**YOUR INSTRUCTIONS**
Copy out the records so that each line matches the original.

**DATA FOR THIS TASK**
==================================================

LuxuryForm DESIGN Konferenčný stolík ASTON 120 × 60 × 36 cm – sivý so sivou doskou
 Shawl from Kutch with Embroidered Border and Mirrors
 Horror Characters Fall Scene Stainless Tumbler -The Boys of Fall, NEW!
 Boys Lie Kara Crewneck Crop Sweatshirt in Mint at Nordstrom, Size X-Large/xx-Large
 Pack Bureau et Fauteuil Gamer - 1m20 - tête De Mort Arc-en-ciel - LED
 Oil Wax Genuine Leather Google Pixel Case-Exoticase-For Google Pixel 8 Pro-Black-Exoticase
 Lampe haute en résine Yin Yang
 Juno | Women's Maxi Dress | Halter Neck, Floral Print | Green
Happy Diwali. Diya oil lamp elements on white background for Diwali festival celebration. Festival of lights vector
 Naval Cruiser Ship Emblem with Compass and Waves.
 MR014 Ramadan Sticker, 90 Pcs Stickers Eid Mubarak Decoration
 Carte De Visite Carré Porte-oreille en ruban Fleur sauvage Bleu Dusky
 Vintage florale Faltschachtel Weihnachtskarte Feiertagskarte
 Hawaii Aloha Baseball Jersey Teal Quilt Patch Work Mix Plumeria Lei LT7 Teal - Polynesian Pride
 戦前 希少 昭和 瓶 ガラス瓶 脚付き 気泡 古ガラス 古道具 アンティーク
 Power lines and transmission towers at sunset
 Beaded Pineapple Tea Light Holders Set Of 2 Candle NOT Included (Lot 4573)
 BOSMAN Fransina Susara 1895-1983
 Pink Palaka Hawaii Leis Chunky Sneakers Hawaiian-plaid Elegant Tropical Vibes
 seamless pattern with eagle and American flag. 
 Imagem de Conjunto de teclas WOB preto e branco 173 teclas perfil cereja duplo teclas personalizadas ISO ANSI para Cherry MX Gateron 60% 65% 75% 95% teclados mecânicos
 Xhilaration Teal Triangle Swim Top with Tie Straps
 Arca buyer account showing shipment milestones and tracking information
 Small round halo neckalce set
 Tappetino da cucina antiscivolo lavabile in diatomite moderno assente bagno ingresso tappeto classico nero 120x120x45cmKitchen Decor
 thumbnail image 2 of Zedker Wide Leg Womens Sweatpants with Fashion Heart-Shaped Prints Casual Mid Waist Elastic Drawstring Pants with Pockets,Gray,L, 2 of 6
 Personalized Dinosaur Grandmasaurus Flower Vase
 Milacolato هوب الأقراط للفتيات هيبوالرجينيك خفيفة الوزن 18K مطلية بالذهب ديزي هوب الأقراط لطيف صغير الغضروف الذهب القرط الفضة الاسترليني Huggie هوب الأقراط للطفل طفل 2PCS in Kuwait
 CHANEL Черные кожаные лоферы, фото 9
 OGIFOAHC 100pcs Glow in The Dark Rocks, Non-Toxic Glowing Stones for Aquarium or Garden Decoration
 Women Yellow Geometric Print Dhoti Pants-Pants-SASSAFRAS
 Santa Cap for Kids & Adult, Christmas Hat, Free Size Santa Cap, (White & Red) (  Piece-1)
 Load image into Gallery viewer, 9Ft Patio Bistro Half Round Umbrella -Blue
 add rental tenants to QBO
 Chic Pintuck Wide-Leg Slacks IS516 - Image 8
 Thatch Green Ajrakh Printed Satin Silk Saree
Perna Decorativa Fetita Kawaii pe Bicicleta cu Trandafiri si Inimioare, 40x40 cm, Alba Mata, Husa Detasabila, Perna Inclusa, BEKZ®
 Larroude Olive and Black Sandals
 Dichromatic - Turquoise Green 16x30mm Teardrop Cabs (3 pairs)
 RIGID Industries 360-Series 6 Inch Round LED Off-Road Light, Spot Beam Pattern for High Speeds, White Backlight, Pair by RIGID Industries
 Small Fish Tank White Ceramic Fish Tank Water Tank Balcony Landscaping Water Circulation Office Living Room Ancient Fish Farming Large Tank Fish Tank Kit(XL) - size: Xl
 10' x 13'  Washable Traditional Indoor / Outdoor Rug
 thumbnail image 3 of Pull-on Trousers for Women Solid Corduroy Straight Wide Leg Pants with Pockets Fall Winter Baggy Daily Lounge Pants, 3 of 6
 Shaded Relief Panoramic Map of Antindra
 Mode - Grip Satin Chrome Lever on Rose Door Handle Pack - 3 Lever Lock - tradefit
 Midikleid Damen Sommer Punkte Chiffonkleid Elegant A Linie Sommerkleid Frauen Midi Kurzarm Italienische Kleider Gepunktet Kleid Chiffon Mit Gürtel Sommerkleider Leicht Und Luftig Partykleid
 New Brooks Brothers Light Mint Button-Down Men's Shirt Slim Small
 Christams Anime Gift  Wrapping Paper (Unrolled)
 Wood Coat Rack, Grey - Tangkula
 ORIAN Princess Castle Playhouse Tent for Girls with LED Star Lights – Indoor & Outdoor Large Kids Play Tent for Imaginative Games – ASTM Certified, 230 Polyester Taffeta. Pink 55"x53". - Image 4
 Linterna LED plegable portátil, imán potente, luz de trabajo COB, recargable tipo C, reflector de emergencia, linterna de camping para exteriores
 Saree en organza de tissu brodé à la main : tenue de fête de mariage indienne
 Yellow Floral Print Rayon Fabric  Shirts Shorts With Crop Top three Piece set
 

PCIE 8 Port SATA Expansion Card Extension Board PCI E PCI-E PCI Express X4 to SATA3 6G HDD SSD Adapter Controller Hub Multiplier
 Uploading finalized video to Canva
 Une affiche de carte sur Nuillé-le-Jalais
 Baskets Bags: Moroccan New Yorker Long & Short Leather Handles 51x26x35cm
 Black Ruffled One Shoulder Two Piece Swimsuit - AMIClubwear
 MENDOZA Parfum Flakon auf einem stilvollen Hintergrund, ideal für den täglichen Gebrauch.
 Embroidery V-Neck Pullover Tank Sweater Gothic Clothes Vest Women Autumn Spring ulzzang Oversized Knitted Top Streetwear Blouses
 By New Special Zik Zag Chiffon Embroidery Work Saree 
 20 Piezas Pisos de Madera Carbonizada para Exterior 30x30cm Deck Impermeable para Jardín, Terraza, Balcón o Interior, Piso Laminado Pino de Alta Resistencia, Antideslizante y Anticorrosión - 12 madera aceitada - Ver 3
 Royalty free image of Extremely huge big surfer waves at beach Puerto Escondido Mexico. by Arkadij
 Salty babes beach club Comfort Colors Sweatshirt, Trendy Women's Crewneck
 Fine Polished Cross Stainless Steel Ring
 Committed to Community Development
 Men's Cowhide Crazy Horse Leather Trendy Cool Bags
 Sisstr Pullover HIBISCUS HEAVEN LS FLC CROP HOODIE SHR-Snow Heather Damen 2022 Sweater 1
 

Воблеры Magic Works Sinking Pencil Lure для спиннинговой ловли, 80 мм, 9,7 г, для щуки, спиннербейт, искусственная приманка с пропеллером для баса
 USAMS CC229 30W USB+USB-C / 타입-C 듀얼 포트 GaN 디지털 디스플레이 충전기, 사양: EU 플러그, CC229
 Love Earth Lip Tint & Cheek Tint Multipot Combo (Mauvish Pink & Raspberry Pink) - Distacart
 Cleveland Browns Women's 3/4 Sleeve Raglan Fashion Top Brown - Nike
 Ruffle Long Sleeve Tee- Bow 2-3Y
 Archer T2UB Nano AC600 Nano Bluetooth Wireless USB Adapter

==================================================

**RESPONSE BELOW**
LuxuryForm DESIGN Konferenčný stolík ASTON 120 × 60 × 36 cm – sivý so sivou doskou
 Shawl from Kutch with Embroidered Border and Mirrors
 Horror Characters Fall Scene Stainless Tumbler -The Boys of Fall, NEW!
 Boys Lie Kara Crewneck Crop Sweatshirt in Mint at Nordstrom, Size X-Large/xx-Large
 Pack Bureau et Fauteuil Gamer - 1m20 - tête De Mort Arc-en-ciel - LED
 Oil Wax Genuine Leather Google Pixel Case-Exoticase-For Google Pixel 8 Pro-Black-Exoticase
 Lampe haute en résine Yin Yang
 Juno | Women's Maxi Dress | Halter Neck, Floral Print | Green
Happy Diwali. Diya oil lamp elements on white background for Diwali festival celebration. Festival of lights vector
 Naval Cruiser Ship Emblem with Compass and Waves.
 MR014 Ramadan Sticker, 90 Pcs Stickers Eid Mubarak Decoration
 Carte De Visite Carré Porte-oreille en ruban Fleur sauvage Bleu Dusky
 Vintage florale Faltschachtel Weihnachtskarte Feiertagskarte
 Hawaii Aloha Baseball Jersey Teal Quilt Patch Work Mix Plumeria Lei LT7 Teal - Polynesian Pride
 戦前 希少 昭和 瓶 ガラス瓶 脚付き 気泡 古ガラス 古道具 アンティーク
 Power lines and transmission towers at sunset
 Beaded Pineapple Tea Light Holders Set Of 2 Candle NOT Included (Lot 4573)
 BOSMAN Fransina Susara 1895-1983
 Pink Palaka Hawaii Leis Chunky Sneakers Hawaiian-plaid Elegant Tropical Vibes
 seamless pattern with eagle and American flag. 
 Imagem de Conjunto de teclas WOB preto e branco 173 teclas perfil cereja duplo teclas personalizadas ISO ANSI para Cherry MX Gateron 60% 65% 75% 95% teclados mecânicos
 Xhilaration Teal Triangle Swim Top with Tie Straps
 Arca buyer account showing shipment milestones and tracking information
 Small round halo neckalce set
 Tappetino da cucina antiscivolo lavabile in diatomite moderno assente bagno ingresso tappeto classico nero 120x120x45cmKitchen Decor
 thumbnail image 2 of Zedker Wide Leg Womens Sweatpants with Fashion Heart-Shaped Prints Casual Mid Waist Elastic Drawstring Pants with Pockets,Gray,L, 2 of 6
 Personalized Dinosaur Grandmasaurus Flower Vase
 Milacolato هوب الأقراط للفتيات هيبوالرجينيك خفيفة الوزن 18K مطلية بالذهب ديزي هوب الأقراط لطيف صغير الغضروف الذهب القرط الفضة الاسترليني Huggie هوب الأقراط للطفل طفل 2PCS in Kuwait
 CHANEL Черные кожаные лоферы, фото 9
 OGIFOAHC 100pcs Glow in The Dark Rocks, Non-Toxic Glowing Stones for Aquarium or Garden Decoration
 Women Yellow Geometric Print Dhoti Pants-Pants-SASSAFRAS
 Santa Cap for Kids & Adult, Christmas Hat, Free Size Santa Cap, (White & Red) (  Piece-1)
 Load image into Gallery viewer, 9Ft Patio Bistro Half Round Umbrella -Blue
 add rental tenants to QBO
 Chic Pintuck Wide-Leg Slacks IS516 - Image 8
 Thatch Green Ajrakh Printed Satin Silk Saree
Perna Decorativa Fetita Kawaii pe Bicicleta cu Trandafiri si Inimioare, 40x40 cm, Alba Mata, Husa Detasabila, Perna Inclusa, BEKZ®
 Larroude Olive and Black Sandals
 Dichromatic - Turquoise Green 16x30mm Teardrop Cabs (3 pairs)
 RIGID Industries 360-Series 6 Inch Round LED Off-Road Light, Spot Beam Pattern for High Speeds, White Backlight, Pair by RIGID Industries
 Small Fish Tank White Ceramic Fish Tank Water Tank Balcony Landscaping Water Circulation Office Living Room Ancient Fish Farming Large Tank Fish Tank Kit(XL) - size: Xl
 10' x 13'  Washable Traditional Indoor / Outdoor Rug
 thumbnail image 3 of Pull-on Trousers for Women Solid Corduroy Straight Wide Leg Pants with Pockets Fall Winter Baggy Daily Lounge Pants, 3 of 6
 Shaded Relief Panoramic Map of Antindra
 Mode - Grip Satin Chrome Lever on Rose Door Handle Pack - 3 Lever Lock - tradefit
 Midikleid Damen Sommer Punkte Chiffonkleid Elegant A Linie Sommerkleid Frauen Midi Kurzarm Italienische Kleider Gepunktet Kleid Chiffon Mit Gürtel Sommerkleider Leicht Und Luftig Partykleid
 New Brooks Brothers Light Mint Button-Down Men's Shirt Slim Small
 Christams Anime Gift  Wrapping Paper (Unrolled)
 Wood Coat Rack, Grey - Tangkula
 ORIAN Princess Castle Playhouse Tent for Girls with LED Star Lights – Indoor & Outdoor Large Kids Play Tent for Imaginative Games – ASTM Certified, 230 Polyester Taffeta. Pink 55"x53". - Image 4
 Linterna LED plegable portátil, imán potente, luz de trabajo COB, recargable tipo C, reflector de emergencia, linterna de camping para exteriores
 Saree en organza de tissu brodé à la main : tenue de fête de mariage indienne
 Yellow Floral Print Rayon Fabric  Shirts Shorts With Crop Top three Piece set
 

PCIE 8 Port SATA Expansion Card Extension Board PCI E PCI-E PCI Express X4 to SATA3 6G HDD SSD Adapter Controller Hub Multiplier
 Uploading finalized video to Canva
 Une affiche de carte sur Nuillé-le-Jalais
 Baskets Bags: Moroccan New Yorker Long & Short Leather Handles 51x26x35cm
 Black Ruffled One Shoulder Two Piece Swimsuit - AMIClubwear
 MENDOZA Parfum Flakon auf einem stilvollen Hintergrund, ideal für den täglichen Gebrauch.
 Embroidery V-Neck Pullover Tank Sweater Gothic Clothes Vest Women Autumn Spring ulzzang Oversized Knitted Top Streetwear Blouses
 By New Special Zik Zag Chiffon Embroidery Work Saree 
 20 Piezas Pisos de Madera Carbonizada para Exterior 30x30cm Deck Impermeable para Jardín, Terraza, Balcón o Interior, Piso Laminado Pino de Alta Resistencia, Antideslizante y Anticorrosión - 12 madera aceitada - Ver 3
 Royalty free image of Extremely huge big surfer waves at beach Puerto Escondido Mexico. by Arkadij
 Salty babes beach club Comfort Colors Sweatshirt, Trendy Women's Crewneck
 Fine Polished Cross Stainless Steel Ring
 Committed to Community Development
 Men's Cowhide Crazy Horse Leather Trendy Cool Bags
 Sisstr Pullover HIBISCUS HEAVEN LS FLC CROP HOODIE SHR-Snow Heather Damen 2022 Sweater 1
 

Воблеры Magic Works Sinking Pencil Lure для спиннинговой ловли, 80 мм, 9,7 г, для щуки, спиннербейт, искусственная приманка с пропеллером для баса
 USAMS CC229 30W USB+USB-C / 타입-C 듀얼 포트 GaN 디지털 디스플레이 충전기, 사양: EU 플러그, CC229
 Love Earth Lip Tint & Cheek Tint Multipot Combo (Mauvish Pink & Raspberry Pink) - Distacart
 Cleveland Browns Women's 3/4 Sleeve Raglan Fashion Top Brown - Nike
 Ruffle Long Sleeve Tee- Bow 2-3Y
 Archer T2UB Nano AC600 Nano Bluetooth Wireless USB Adapter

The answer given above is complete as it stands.